- INFORMATION GIVEN:
== Segment start ==

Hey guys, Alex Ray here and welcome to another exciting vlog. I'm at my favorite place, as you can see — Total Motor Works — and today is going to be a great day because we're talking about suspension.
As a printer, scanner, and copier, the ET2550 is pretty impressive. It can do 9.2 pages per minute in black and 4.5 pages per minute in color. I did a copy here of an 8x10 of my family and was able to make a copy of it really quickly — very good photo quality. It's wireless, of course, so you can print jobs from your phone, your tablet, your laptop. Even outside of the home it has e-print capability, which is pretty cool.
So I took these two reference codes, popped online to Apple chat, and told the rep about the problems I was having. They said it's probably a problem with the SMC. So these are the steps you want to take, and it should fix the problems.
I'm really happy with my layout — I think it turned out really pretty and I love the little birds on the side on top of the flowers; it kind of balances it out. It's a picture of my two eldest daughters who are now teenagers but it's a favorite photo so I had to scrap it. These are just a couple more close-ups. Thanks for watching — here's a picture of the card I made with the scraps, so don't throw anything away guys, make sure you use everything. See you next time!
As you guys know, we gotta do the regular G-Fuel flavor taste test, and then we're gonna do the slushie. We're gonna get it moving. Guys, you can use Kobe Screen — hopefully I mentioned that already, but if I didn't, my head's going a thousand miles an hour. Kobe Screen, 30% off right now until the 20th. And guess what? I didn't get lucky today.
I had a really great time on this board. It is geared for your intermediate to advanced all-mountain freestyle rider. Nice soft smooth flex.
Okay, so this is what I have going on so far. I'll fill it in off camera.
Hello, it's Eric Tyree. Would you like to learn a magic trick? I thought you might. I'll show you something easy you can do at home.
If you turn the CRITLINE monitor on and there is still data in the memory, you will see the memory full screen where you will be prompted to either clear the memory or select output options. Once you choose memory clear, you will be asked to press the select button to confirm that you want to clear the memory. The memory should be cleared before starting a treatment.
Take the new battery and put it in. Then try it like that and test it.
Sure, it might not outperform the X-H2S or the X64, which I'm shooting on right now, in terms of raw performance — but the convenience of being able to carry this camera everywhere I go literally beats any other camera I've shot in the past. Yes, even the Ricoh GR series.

== Segment end ==

- ASSIGNMENT: Lines holding "like": please count them in the data above and reply with the number alone.

- SOLUTION FOR THIS PROBLEM: 2